That said, if you live in a place with an impressive zoo, most kids like that more.
posted by escabeche at 4:52 PM on April 5, 2010

I can remember significant bits and pieces of the first movie I saw in the theater, at age 3 - it actually had sort of a big impact on my life, although the reasons why are irrelevant here. But I know from photographs I was taken to do all sorts of things when I was 3, 4, 5 and older that I retain no memory of. That doesn't mean they didn't make an impact on me in some way, though. I don't think whether a child will remember an event later is a really good reason for doing it or not - just whether or not you think she will enjoy it now.

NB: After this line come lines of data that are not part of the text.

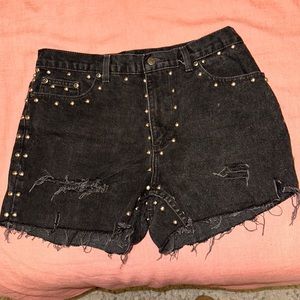 Concert / rave / distressed shorts / country concert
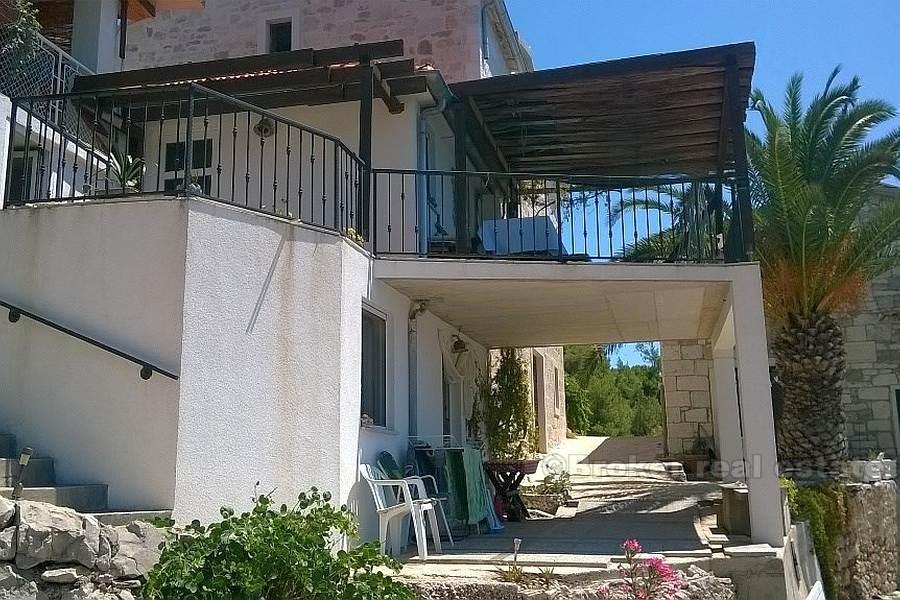 Двухэтажный дом, на продажу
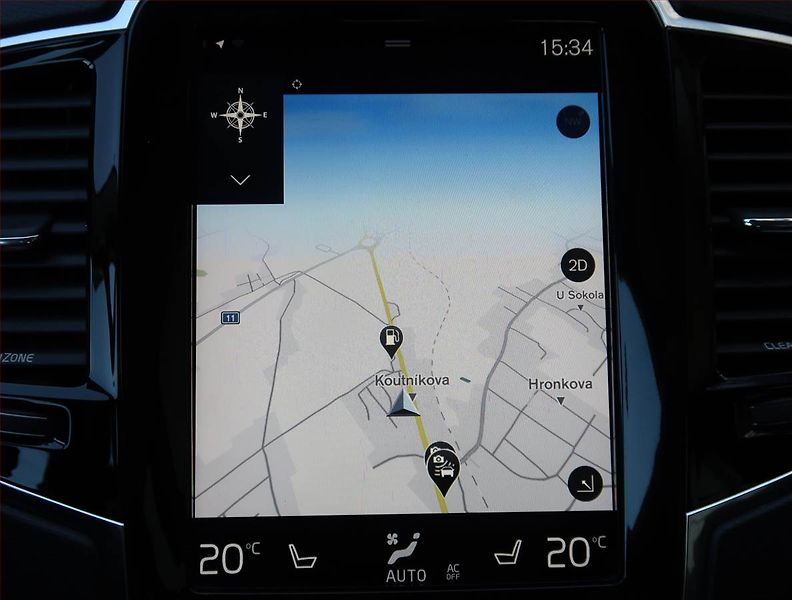 Volvo XC90 (2015) D5 AWD - fotka 21 z 25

If you want something that's definitely going to be memorable, give a nice thing she can keep rather than an event. (But don't skimp out on the event, whatever you decide it should be.)
posted by frobozz at 4:52 PM on April 5, 2010

Take her, but don't plan on staying the whole time. She might get overwhelmed by the noise or the people, so make sure she knows you can leave if it gets to be too much for her.

I say if you involve her in anything you are passionate about then she'll remember it. Not necessarily what you did with her, but the fun feelings will remain. For me it was working on cars with my dad. I certainly don't remember the first time I 'helped' him, but over the years it was kind of a special thing we did together. My other siblings didn't seem as into it as I did, so it was something I got to do with just him and me. It wasn't always fun, but I got my dad all to myself for that time. Even now, cars are always something I can talk to my dad about. If you are passionate about the game, take the time to explain what's going on (over and over), and buy her junk food and souvenirs, then she'll have a blast watching Uncle GoLakers at the game. You might even get another Lakers fan for life! Definitely take lots of pictures! Video would be awesome too, then she can watch it over and over to 'cement' the memory.

If you want the games to be your 'thing' with her, try sending her things in the mail. Lakers shirts in her sizes as she grows (so she can always wear your team), letters updating her on the players that she liked at the game, pictures of yourself at games, etc.
Also, you could have somebody take a picture of the two of you at the game then have it framed and give it to her to put in her bedroom at home.

P.S. Watch the junk food intake. Too much food and fizzy drinks added to excitement can be a recipe for puking. If you can try to get her a water bottle instead of soda, and it wouldn't hurt to bring some tums. And you might want to think about the bathroom situation. She will have to go at least once during the game. I don't know if sports arenas have family bathrooms, so you might have to send her in by herself. Talk it over with her before so she is comfortable with it, and bring hand sanitizer.
posted by TooFewShoes at 4:54 PM on April 5, 2010

If they don't remember the specific details of it, or anything about it, she'll remember the feelings associated with having a fun day out with a family member whom she loves, and who loves her -- and in the moment, memory be damned, she'll have a good time if you keep her fed and watered and engaged. TooFewShoes has very wise ideas about bathrooms and sodas and pictures.

The best thing you can do is make sure your own expectations are reasonable; don't expect her to remember it, or think you're the best person ever. Just go, have a good time enjoying her company. That takes pressure off her; you'd be amazed how impactful (negatively) pressure like that can bear on a child, even when you don't intend it.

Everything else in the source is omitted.